| TASK GOAL |
Please start at the first line of the records beneath and quote each line exactly, ending with the line containing "Non-Surgical Rhinoplasty /".

| DATA EXCERPTS |
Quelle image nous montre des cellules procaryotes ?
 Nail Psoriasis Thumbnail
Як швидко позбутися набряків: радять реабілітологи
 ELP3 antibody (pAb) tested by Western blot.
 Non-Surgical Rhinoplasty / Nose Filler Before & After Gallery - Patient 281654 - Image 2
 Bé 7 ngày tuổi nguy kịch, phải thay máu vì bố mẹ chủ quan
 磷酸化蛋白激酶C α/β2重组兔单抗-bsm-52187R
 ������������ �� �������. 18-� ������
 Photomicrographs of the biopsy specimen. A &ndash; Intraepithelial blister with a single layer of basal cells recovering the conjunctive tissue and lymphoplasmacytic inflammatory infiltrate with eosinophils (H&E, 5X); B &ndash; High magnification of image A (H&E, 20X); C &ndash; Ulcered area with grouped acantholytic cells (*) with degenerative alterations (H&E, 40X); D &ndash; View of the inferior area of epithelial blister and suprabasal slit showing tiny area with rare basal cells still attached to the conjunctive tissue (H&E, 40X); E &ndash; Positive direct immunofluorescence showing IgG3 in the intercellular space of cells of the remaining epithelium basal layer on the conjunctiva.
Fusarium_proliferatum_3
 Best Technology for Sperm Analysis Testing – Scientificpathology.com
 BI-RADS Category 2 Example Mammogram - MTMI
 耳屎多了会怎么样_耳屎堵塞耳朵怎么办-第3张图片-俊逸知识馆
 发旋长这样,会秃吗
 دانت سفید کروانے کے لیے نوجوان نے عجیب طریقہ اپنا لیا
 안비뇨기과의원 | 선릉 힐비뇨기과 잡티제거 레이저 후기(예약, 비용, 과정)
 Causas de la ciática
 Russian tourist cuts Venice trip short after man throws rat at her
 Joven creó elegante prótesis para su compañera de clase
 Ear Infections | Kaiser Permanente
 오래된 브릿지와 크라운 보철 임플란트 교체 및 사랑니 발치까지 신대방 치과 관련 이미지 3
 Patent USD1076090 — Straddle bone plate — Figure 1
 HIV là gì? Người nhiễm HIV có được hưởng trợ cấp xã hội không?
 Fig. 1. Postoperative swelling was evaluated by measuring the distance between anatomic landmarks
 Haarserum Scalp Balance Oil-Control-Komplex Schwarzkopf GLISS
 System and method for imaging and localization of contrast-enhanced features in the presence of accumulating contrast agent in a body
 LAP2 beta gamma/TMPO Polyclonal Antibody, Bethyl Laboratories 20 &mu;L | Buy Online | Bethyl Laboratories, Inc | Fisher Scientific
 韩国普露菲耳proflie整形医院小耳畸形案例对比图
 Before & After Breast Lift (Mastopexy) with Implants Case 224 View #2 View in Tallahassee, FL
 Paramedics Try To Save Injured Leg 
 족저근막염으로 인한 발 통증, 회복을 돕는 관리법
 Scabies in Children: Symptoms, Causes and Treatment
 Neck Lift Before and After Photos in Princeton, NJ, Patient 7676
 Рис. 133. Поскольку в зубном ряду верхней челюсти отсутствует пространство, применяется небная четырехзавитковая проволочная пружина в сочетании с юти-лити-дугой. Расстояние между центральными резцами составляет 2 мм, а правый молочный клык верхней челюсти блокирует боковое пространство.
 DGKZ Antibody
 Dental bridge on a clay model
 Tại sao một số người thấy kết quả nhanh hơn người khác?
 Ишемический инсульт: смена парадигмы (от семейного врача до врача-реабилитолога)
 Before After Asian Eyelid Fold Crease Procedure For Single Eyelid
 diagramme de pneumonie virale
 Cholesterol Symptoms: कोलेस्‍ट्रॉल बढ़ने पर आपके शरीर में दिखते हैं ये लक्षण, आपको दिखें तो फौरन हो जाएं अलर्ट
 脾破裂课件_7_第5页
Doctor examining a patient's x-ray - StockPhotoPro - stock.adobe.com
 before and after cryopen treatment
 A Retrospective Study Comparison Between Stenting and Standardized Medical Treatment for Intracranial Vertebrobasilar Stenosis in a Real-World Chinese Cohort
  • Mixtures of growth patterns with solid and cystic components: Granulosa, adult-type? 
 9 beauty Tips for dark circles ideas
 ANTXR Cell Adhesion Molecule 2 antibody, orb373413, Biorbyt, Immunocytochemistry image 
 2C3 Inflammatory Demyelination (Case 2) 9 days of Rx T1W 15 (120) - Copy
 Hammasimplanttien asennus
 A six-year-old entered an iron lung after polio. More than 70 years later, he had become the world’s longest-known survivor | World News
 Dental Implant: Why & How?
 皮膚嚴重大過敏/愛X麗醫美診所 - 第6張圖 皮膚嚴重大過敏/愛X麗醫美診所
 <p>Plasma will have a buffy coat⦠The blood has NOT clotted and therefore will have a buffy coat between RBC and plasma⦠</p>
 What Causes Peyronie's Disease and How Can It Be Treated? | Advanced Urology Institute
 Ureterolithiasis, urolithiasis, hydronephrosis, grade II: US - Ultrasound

| EXPECTED OUTPUT |
Quelle image nous montre des cellules procaryotes ?
 Nail Psoriasis Thumbnail
Як швидко позбутися набряків: радять реабілітологи
 ELP3 antibody (pAb) tested by Western blot.
 Non-Surgical Rhinoplasty / Nose Filler Before & After Gallery - Patient 281654 - Image 2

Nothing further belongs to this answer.